[Start of Attachment]
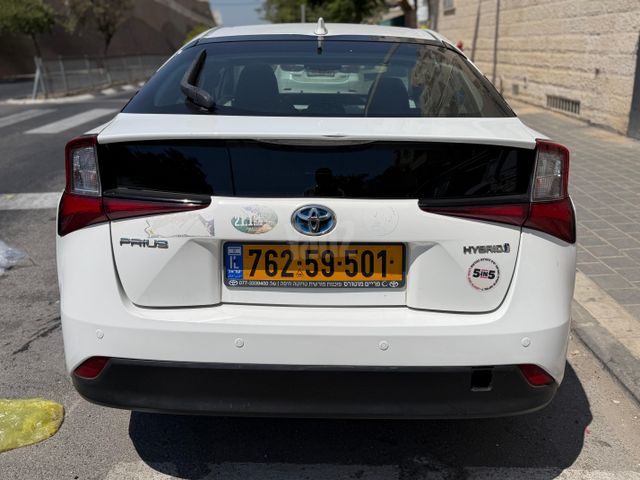 טויוטה פריוס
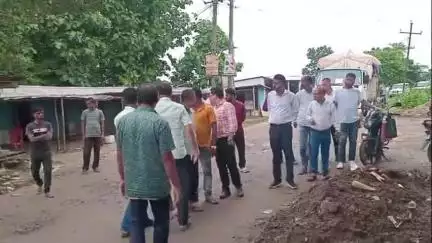কৈলাশহর: কৈলাসহর টিলাগাও গ্রাম পঞ্চায়েতের অধীনে থাকা রাস্তার ড্রেনগুলি পরিদর্শন করেন SDM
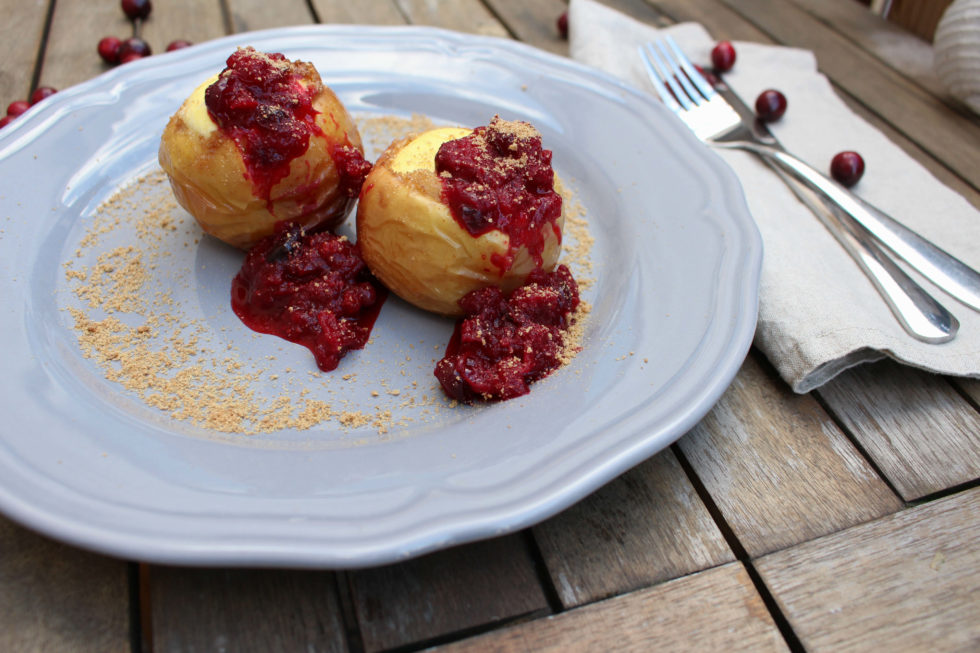 Bratäpfel mit Cheesecake-Füllung und Cranberry-Kompott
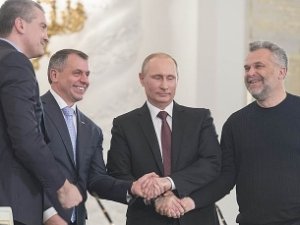 Путин раздал ордена Аксенову и Константинову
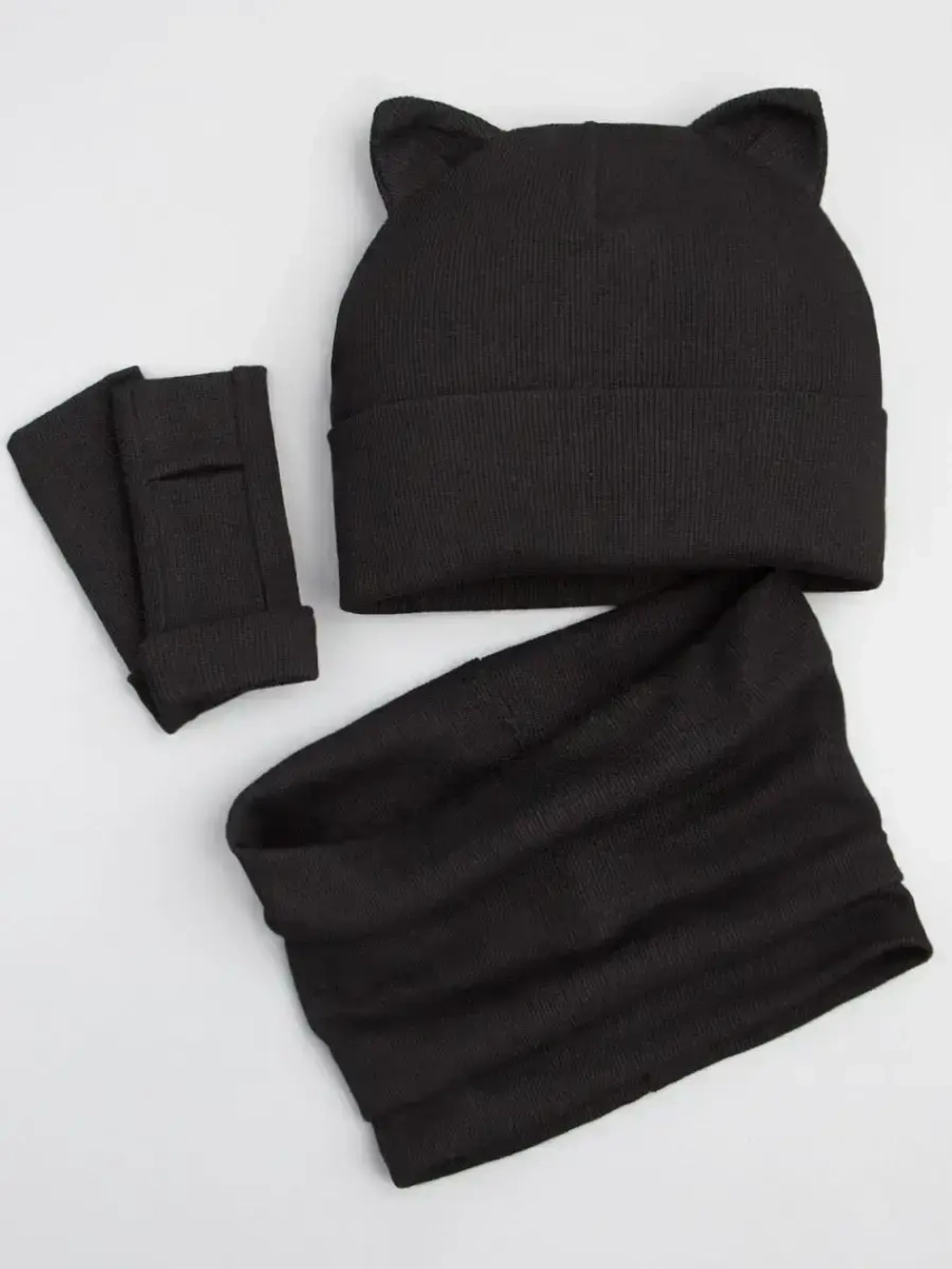 Шапка для девочки осенняя с митенками и снудом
[End of Attachment]
▸ TASK REQUIREMENTS
Please repeat, exactly and with nothing else, the lines from the one containing "কৈলাশহর: কৈলাসহর টিলাগাও" to the last line of the entries, both included, excluding any pictures.

▸ TASK ANSWER
কৈলাশহর: কৈলাসহর টিলাগাও গ্রাম পঞ্চায়েতের অধীনে থাকা রাস্তার ড্রেনগুলি পরিদর্শন করেন SDM
 Bratäpfel mit Cheesecake-Füllung und Cranberry-Kompott
 Путин раздал ордена Аксенову и Константинову
 Шапка для девочки осенняя с митенками и снудом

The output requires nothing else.